(Data shown Opens)
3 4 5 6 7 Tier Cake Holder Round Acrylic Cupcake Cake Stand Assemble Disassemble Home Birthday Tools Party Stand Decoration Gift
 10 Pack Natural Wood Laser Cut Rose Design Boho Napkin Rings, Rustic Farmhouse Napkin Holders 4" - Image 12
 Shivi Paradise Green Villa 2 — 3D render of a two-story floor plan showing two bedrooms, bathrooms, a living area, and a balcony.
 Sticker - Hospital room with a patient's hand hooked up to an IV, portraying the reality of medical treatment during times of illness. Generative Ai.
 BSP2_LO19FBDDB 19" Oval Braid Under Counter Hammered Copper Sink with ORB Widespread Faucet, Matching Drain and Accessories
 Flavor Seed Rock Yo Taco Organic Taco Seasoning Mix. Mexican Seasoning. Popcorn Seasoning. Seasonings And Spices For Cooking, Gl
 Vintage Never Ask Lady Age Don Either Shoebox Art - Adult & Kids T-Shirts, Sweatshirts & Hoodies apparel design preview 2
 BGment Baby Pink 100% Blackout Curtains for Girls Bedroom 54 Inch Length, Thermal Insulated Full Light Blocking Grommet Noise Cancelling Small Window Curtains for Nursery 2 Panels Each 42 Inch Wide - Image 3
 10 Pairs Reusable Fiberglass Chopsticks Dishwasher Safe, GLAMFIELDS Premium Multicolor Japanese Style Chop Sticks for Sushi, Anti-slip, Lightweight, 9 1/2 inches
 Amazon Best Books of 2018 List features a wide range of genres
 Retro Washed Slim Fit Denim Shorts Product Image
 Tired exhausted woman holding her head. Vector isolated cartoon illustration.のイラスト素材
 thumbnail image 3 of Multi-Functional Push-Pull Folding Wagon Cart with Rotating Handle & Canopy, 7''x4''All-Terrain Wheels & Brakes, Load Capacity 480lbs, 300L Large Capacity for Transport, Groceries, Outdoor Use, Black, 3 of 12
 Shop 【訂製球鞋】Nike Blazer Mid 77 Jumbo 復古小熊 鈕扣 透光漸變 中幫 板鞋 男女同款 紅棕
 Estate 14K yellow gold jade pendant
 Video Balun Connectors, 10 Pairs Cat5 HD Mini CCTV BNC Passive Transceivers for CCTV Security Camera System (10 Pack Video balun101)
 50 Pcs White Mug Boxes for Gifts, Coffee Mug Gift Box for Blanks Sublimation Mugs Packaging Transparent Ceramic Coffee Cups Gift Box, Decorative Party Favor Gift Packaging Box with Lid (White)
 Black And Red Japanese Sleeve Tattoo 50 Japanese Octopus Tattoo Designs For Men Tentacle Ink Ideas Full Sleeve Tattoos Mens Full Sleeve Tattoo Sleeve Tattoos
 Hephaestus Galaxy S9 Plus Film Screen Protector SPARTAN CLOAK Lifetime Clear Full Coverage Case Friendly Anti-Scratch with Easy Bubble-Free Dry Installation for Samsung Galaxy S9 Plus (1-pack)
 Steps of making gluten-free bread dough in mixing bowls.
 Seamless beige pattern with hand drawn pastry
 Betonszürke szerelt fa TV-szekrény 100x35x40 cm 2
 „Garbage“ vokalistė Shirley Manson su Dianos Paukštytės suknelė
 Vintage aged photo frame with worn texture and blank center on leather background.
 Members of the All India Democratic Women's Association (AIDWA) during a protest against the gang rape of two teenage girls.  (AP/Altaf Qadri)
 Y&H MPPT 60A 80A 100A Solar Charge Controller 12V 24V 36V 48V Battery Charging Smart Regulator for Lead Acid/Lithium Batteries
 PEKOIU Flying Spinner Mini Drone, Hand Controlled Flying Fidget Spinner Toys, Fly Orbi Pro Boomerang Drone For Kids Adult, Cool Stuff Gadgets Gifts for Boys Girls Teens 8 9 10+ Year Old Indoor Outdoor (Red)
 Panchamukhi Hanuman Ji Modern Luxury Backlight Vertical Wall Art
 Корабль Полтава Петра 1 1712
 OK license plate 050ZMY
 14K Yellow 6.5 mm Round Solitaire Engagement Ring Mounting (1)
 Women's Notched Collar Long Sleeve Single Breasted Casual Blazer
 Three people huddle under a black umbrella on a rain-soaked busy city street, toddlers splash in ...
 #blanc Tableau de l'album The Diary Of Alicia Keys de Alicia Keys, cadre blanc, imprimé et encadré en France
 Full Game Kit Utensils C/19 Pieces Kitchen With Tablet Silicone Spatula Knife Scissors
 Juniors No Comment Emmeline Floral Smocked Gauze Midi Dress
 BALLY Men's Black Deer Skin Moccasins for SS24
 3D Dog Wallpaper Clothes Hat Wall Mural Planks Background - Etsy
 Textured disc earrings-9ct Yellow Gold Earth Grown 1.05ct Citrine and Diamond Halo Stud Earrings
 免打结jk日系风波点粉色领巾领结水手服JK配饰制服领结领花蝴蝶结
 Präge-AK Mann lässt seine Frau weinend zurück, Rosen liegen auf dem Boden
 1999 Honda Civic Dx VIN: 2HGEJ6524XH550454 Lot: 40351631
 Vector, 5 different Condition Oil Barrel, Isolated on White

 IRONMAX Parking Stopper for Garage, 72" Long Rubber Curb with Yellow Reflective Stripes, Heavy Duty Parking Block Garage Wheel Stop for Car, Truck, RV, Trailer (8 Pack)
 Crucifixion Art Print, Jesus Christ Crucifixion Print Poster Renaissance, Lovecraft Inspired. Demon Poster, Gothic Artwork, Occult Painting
(Data shown Closes)
Could you retype exactly the lines above from the one containing "BALLY Men's Black" through the last line of the records, both included, and nothing else?

 BALLY Men's Black Deer Skin Moccasins for SS24
 3D Dog Wallpaper Clothes Hat Wall Mural Planks Background - Etsy
 Textured disc earrings-9ct Yellow Gold Earth Grown 1.05ct Citrine and Diamond Halo Stud Earrings
 免打结jk日系风波点粉色领巾领结水手服JK配饰制服领结领花蝴蝶结
 Präge-AK Mann lässt seine Frau weinend zurück, Rosen liegen auf dem Boden
 1999 Honda Civic Dx VIN: 2HGEJ6524XH550454 Lot: 40351631
 Vector, 5 different Condition Oil Barrel, Isolated on White

 IRONMAX Parking Stopper for Garage, 72" Long Rubber Curb with Yellow Reflective Stripes, Heavy Duty Parking Block Garage Wheel Stop for Car, Truck, RV, Trailer (8 Pack)
 Crucifixion Art Print, Jesus Christ Crucifixion Print Poster Renaissance, Lovecraft Inspired. Demon Poster, Gothic Artwork, Occult Painting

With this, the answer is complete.